In disasters, some fatalities lose contact with reality and are paralyzed by fear. Most survivors instantly recognize the threat and react accordingly. The principle taught to airline flight attendants is first save yourself, and then help others. It is grim reality that some survivors fought their way past others who died. People have crossed oceans in small boats, walked a thousand miles, gone months with almost no food, and lived for years in a concentration camp because they would never give up. Others wasted away and died in a few weeks because they could not accept the changes.

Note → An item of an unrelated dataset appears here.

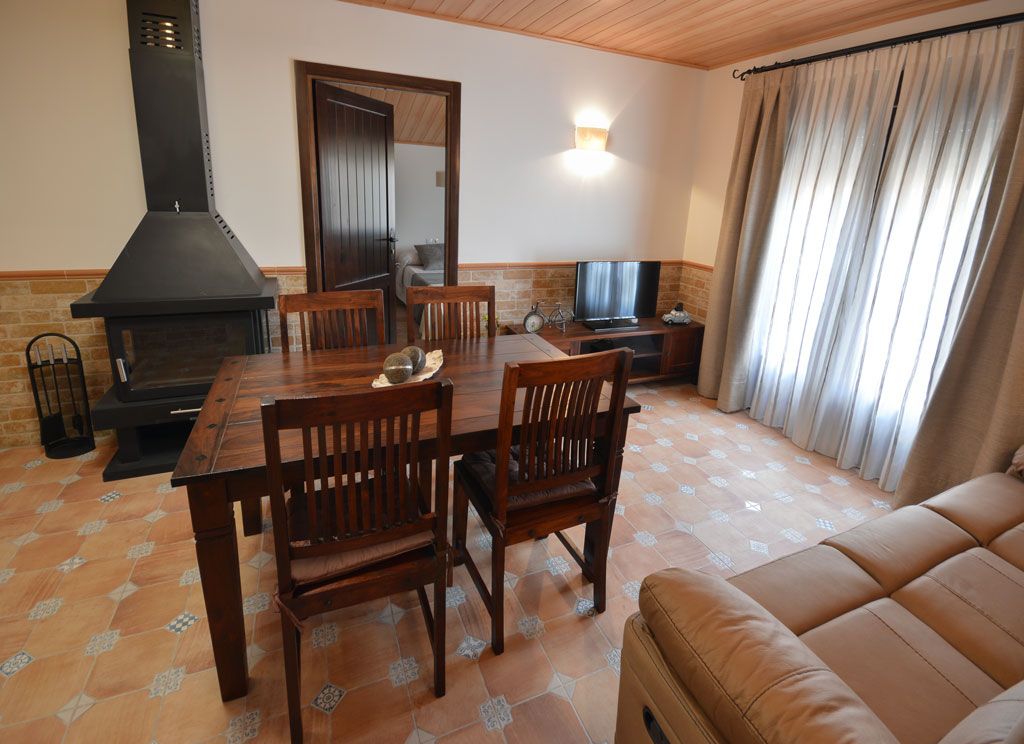 Apartamento El Picarzuelo: Alojamiento rural de El Castillo de Celia Apartamento El Picarzuelo: Alojamiento rural de El Castillo de Celia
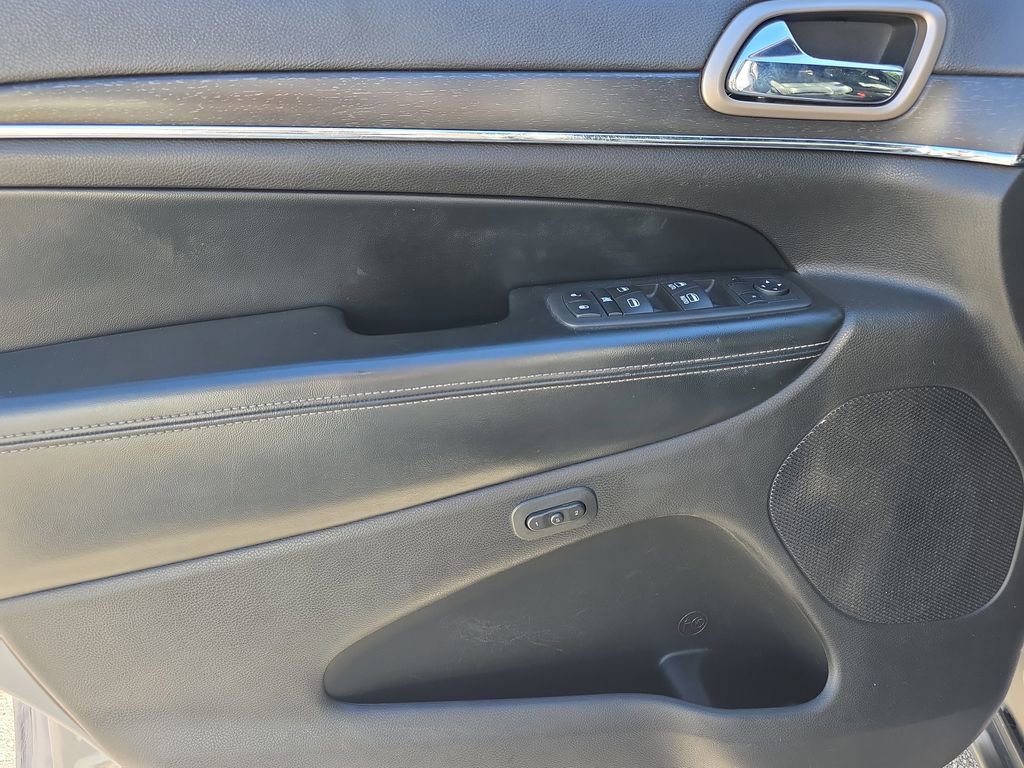 Used 2016 Jeep Grand Cherokee Limited AWD/4WD image 23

Rarely is the person in charge at the time of a disaster the best leader for survivors. A compulsion to lead does not indicate good judgement. A good leader sets an example, helps others, and makes decisions that improve conditions. Nagging should benefit the person or the group, and humiliation should be a last resort to obtain cooperation or save lives.
Abandoning a group of people who are making a bad mistake could be viewed as socially reprehensible, but the choices might be live pariah or dead fool.